# -*- coding: utf-8 -*-
from pandas import DataFrame, Series
from pandas_ta._typing import DictLike, Int
from pandas_ta.utils import v_offset, v_pos_default, v_series



def donchian(
    high: Series, low: Series,
    lower_length: Int = None, upper_length: Int = None,
    offset: Int = None, **kwargs: DictLike
) -> DataFrame:
    """Donchian Channels

    This indicator attempt to quantify volatility similarily to
    Bollinger Bands and Keltner Channels.

    Sources:
        * [tradingview](https://www.tradingview.com/wiki/Donchian_Channels_(DC))

    Parameters:
        high (Series): ```high``` Series
        low (Series): ```low``` Series
        lower_length (int): Lower period.

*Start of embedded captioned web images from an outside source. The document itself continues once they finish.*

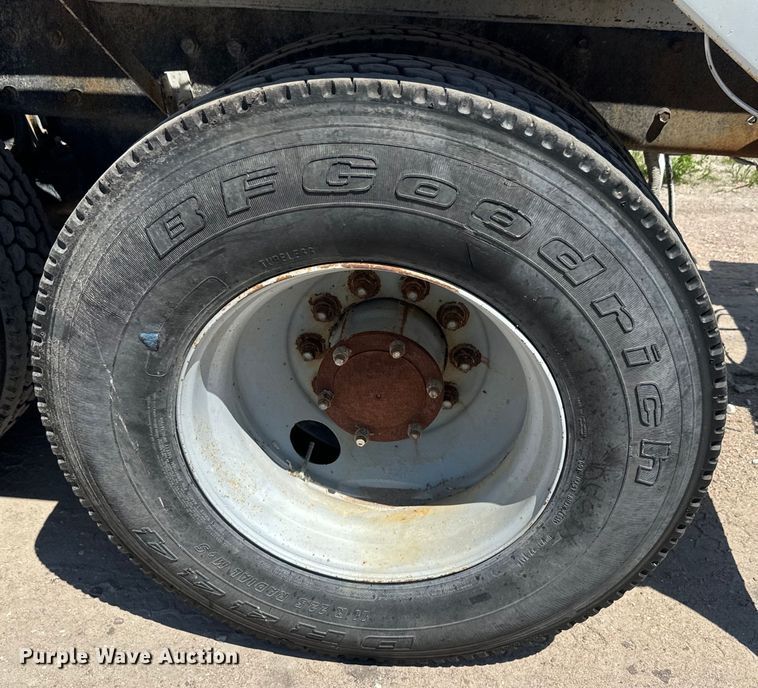 image for item DN3241 1995 Mack RD690S ready mix truck cab and chassis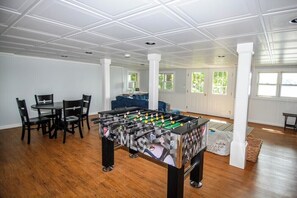 Games room - Winter Harbor Getaway (Wolfeboro)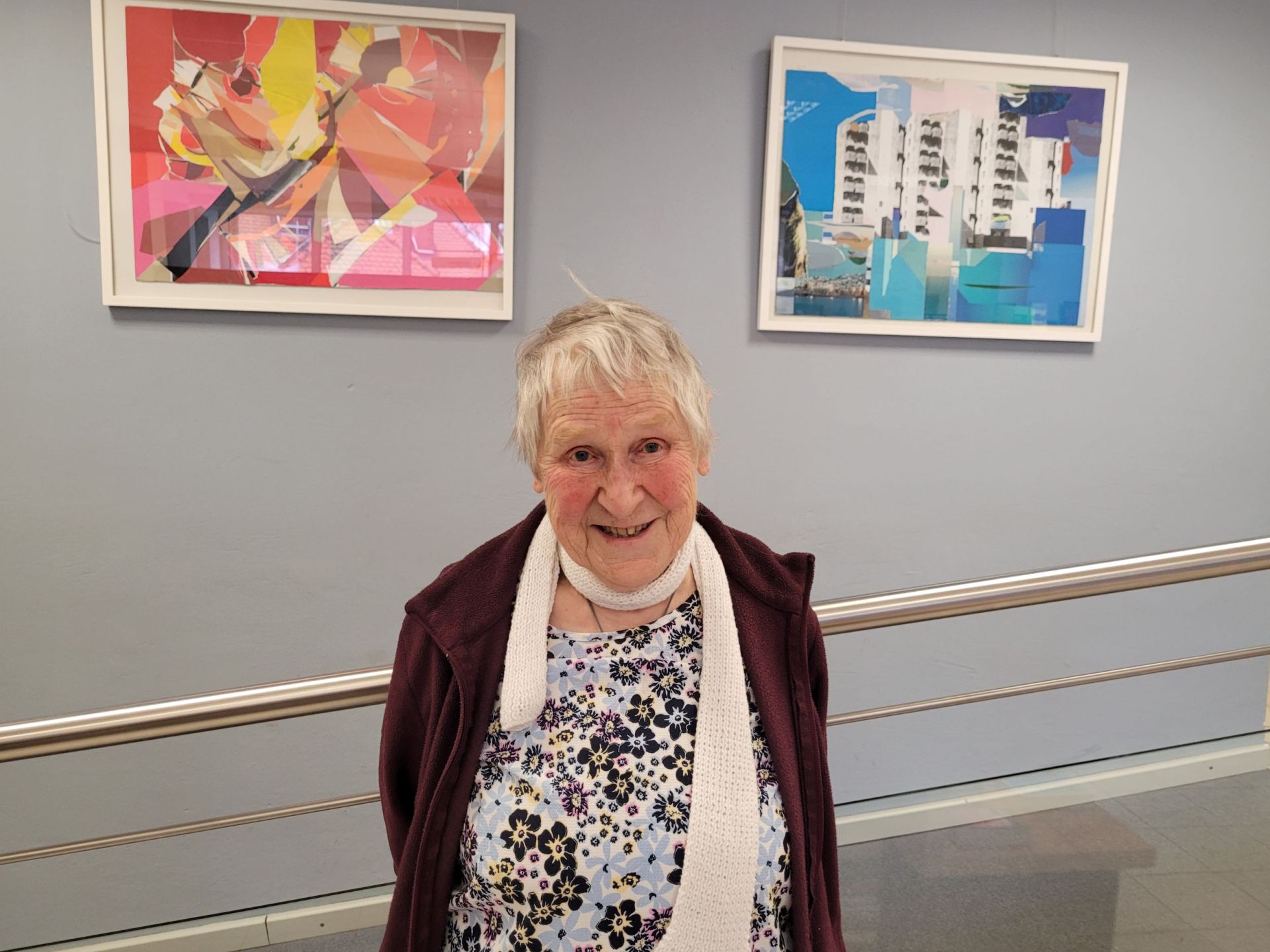 Künstlerin vor ihren Bildern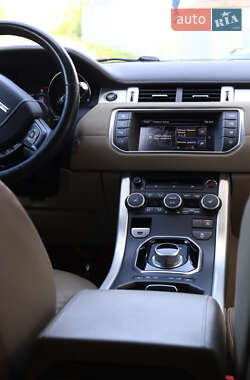 Внедорожник / Кроссовер Land Rover Range Rover Evoque 2015 в 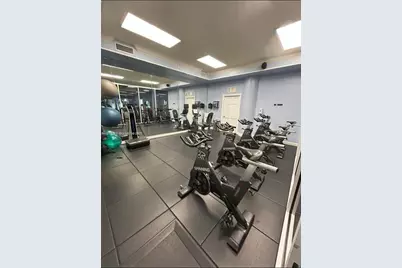 5091 NW 7th St #109, Miami, FL 33126 - Photo 40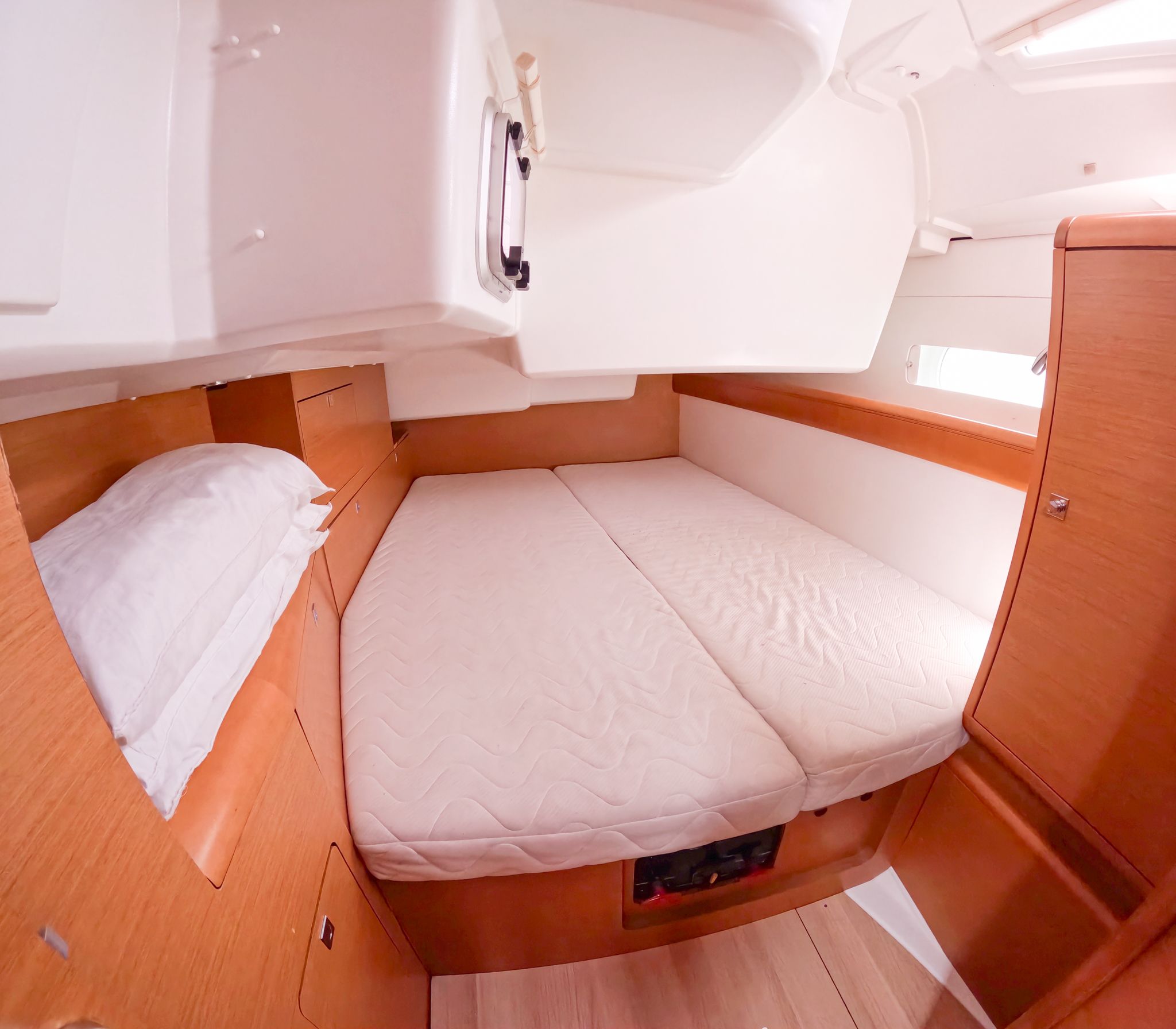 Jeanneau Sun Odyssey 519 | Leia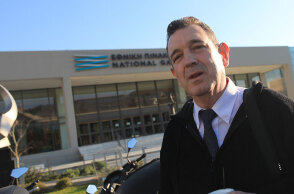 Δεν μας παρατάτε με τις ευαισθησίες σας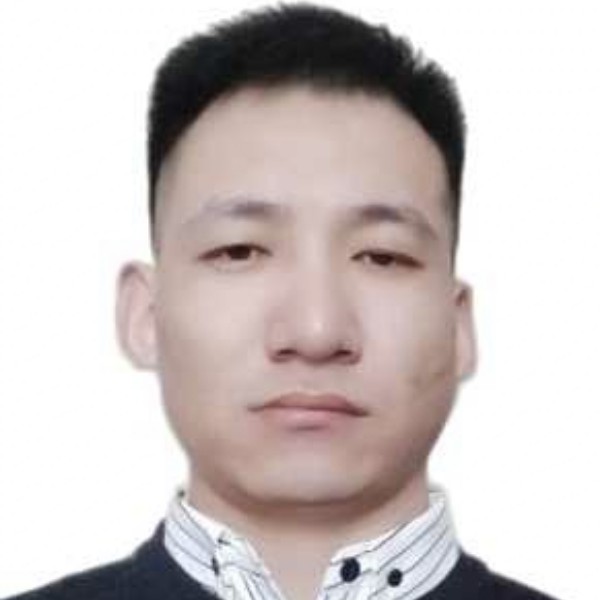 流岚回眸舒适的照片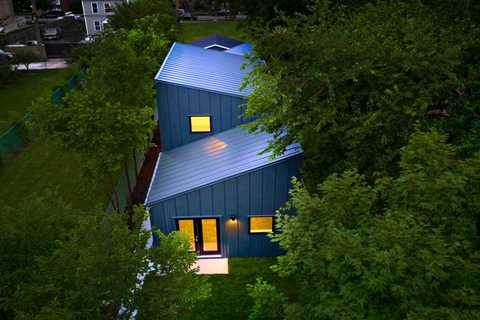 Chicago Is Experimenting with a Solution to Depopulation: New Housing on City-Owned Land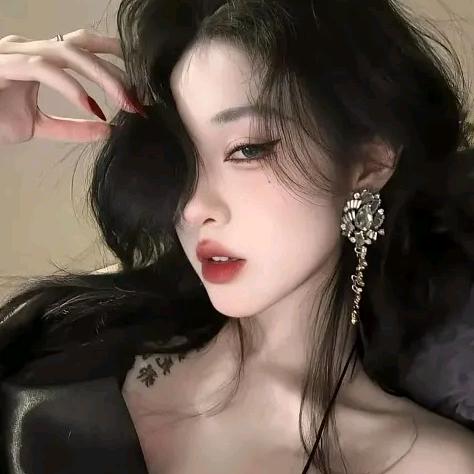 氢栀.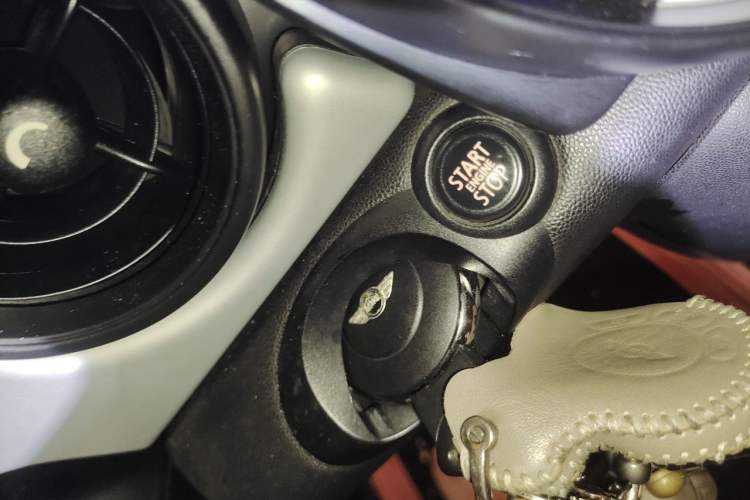 Used MINI 2011 1.6L COOPER Fun Vehicle Key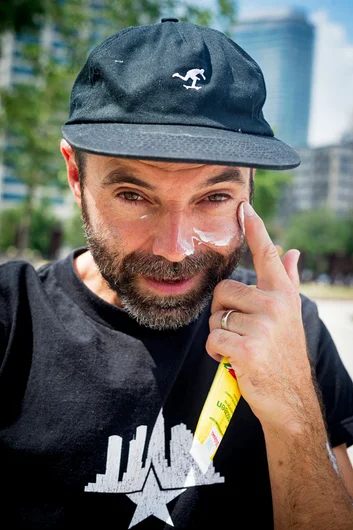 <!--da-chi16-->

Before we hit it, Chi-town locals Spaz and G take advantage of the new ping-pong table at Grant Skatepark.
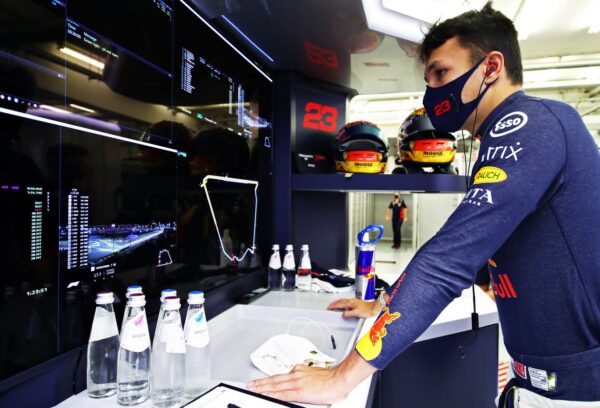 Albon pourrait passer une année "sur le banc" selon Horner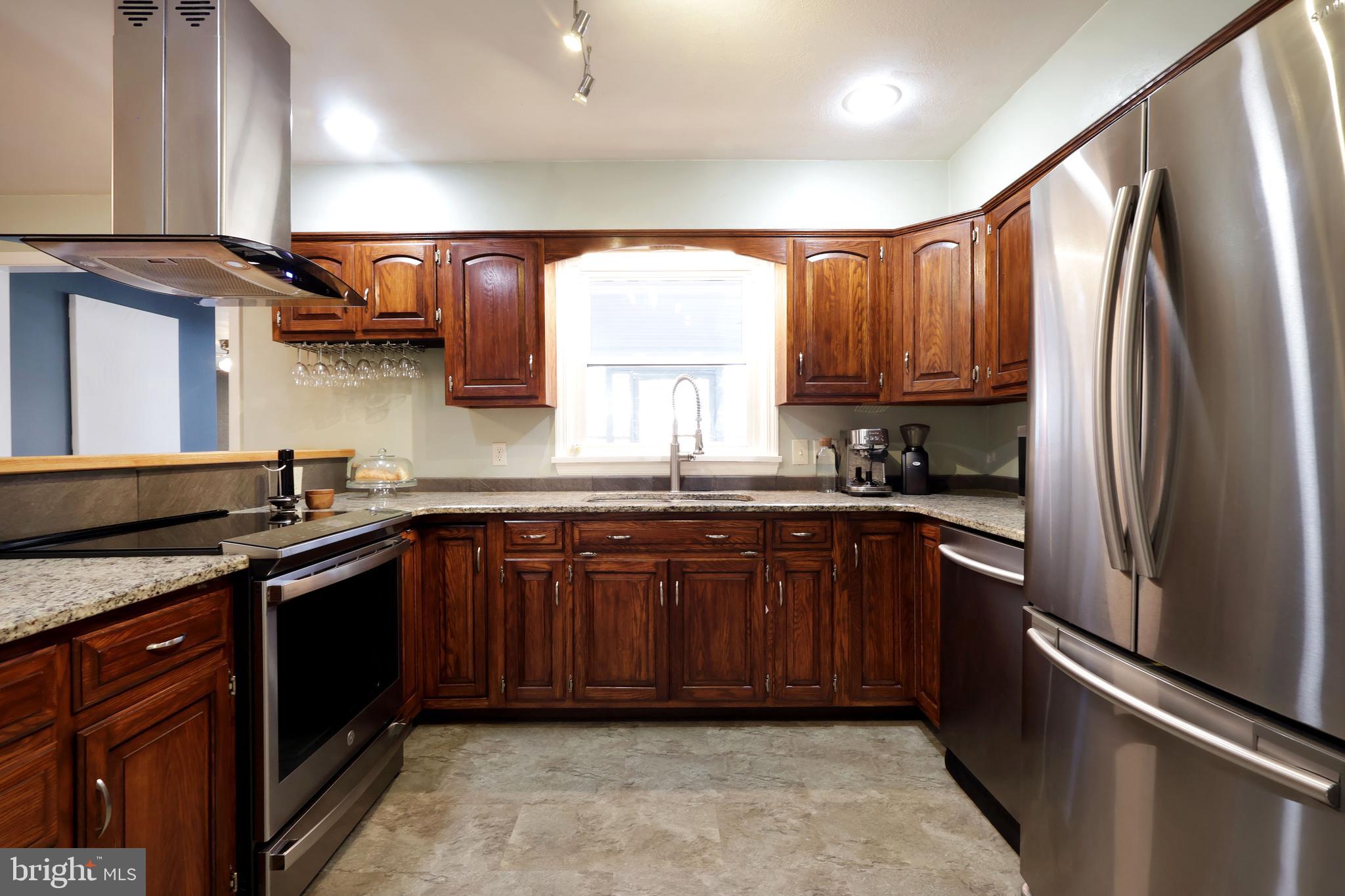 COLLEGE HEIGHTS - Residential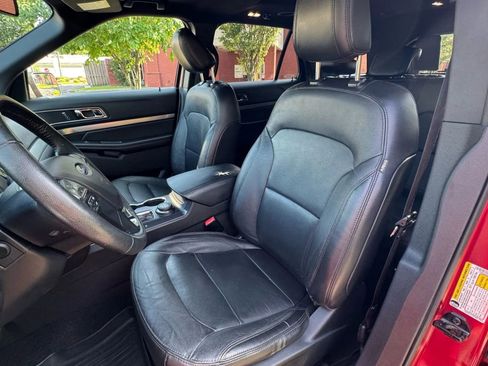 Used 2018 Ford Explorer XLT w/ Equipment Group 202A image 12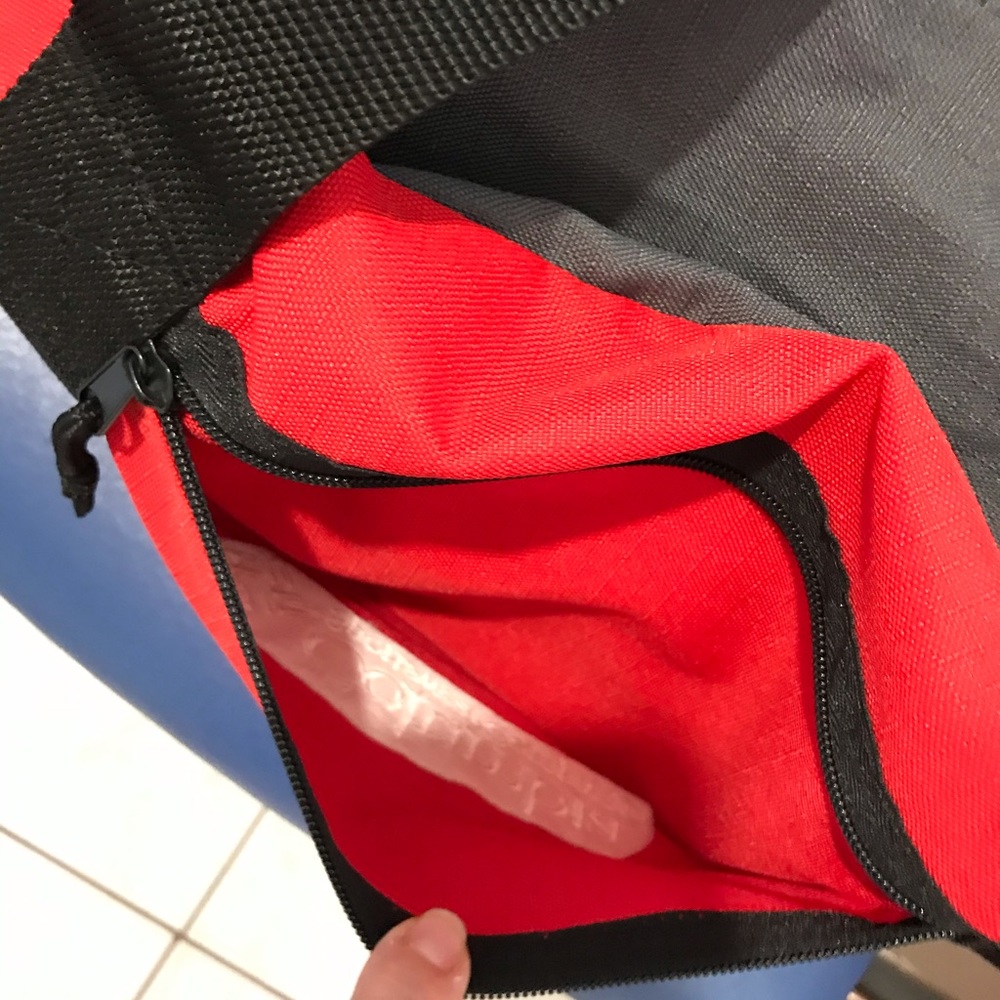 ๐HP๐ColumbiaSportswearCompany 24in gear bag - Picture 4 of 15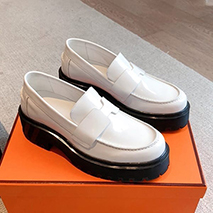エルメス コピー ヒッチモカシン ローファー erd10233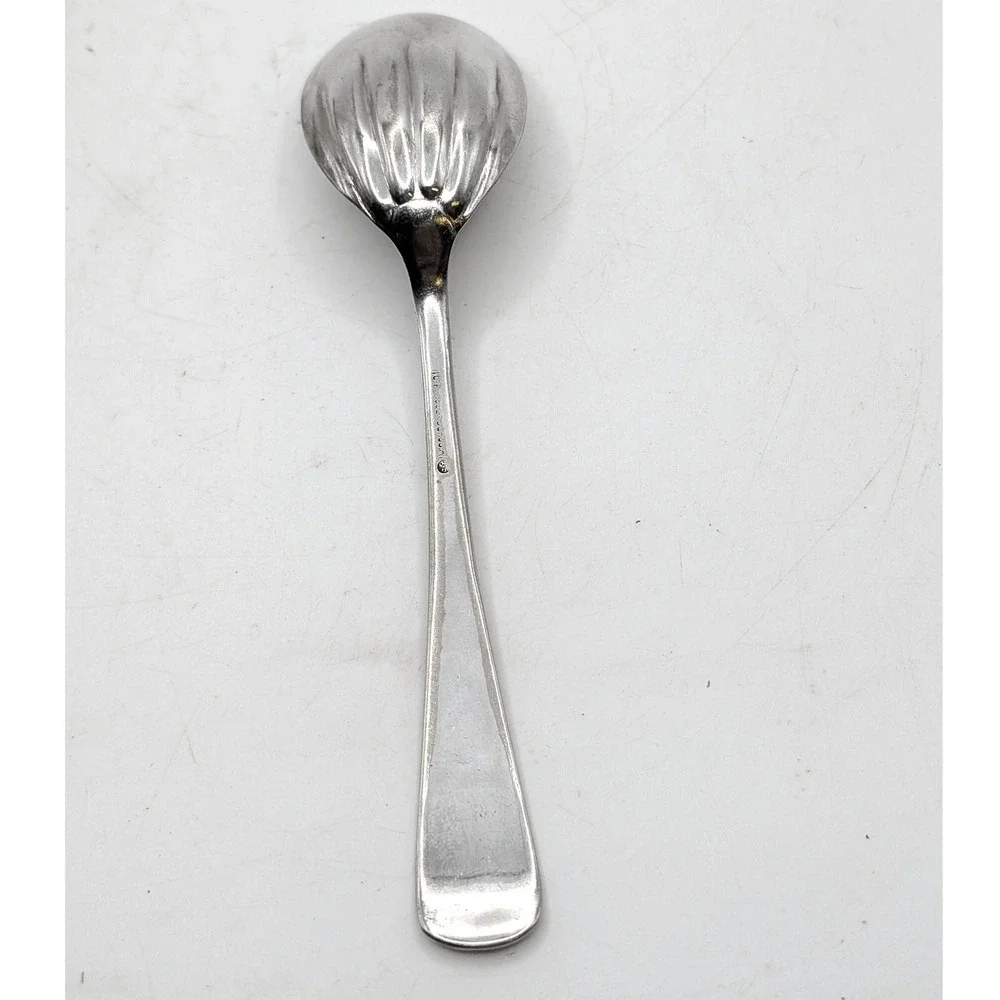 Vtg 1847 Dundee Rogers Bros Sugar Spoon Silver Plate Fluted Shell Bowl Swirl
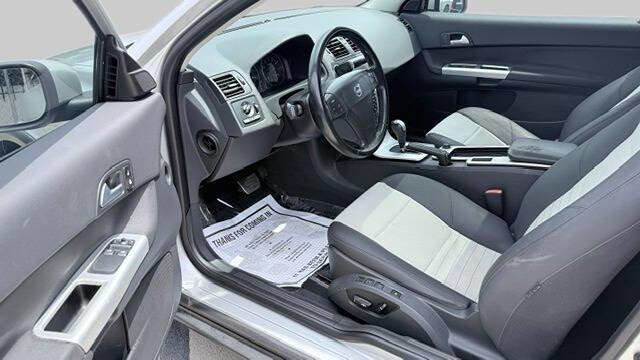 Used 2011 Volvo C30 T5 w/ Preferred Pkg FWD image 11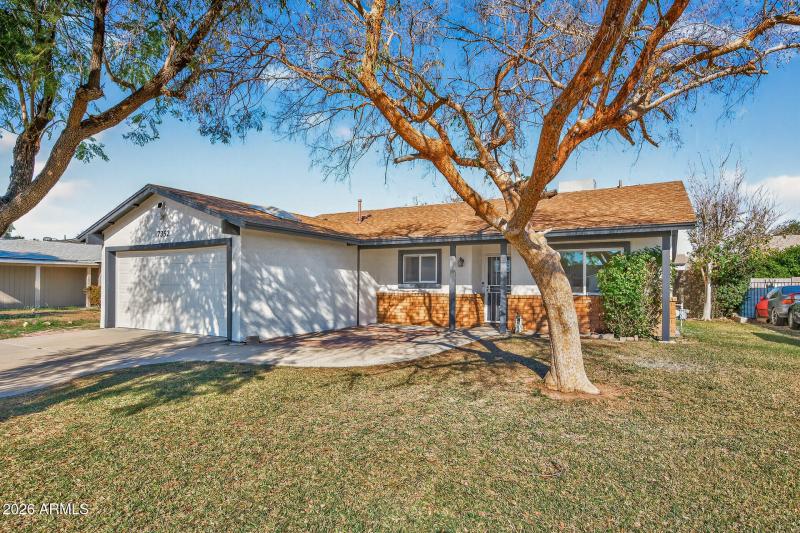 02_7352_W_Meadowbrook_Ave2_mls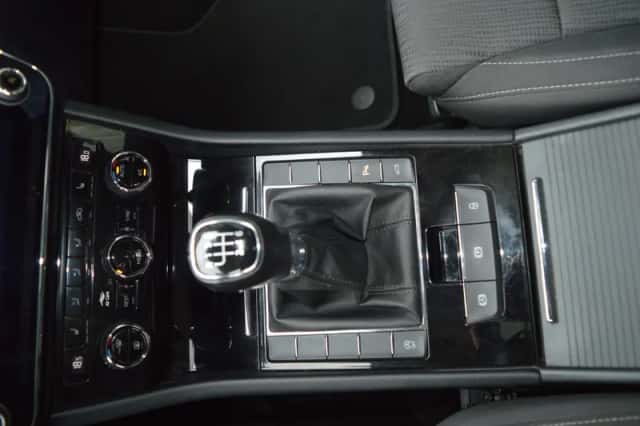 Škoda Superb (2019) thumbnail 6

Default: ```20```
        upper_length (int): Upper period. Default: ```20```
        offset (int): Post shift. Default: ```0```

    Other Parameters:
        fillna (value): ```pd.DataFrame.fillna(value)```

    Returns:
        (DataFrame): 3 columns
    """
    # Validate
    lower_length = v_pos_default(lower_length, 20)
    upper_length = v_pos_default(upper_length, 20)
    lmin_periods = int(kwargs.pop("lmin_periods", lower_length))
    umin_periods = int(kwargs.pop("umin_periods", upper_length))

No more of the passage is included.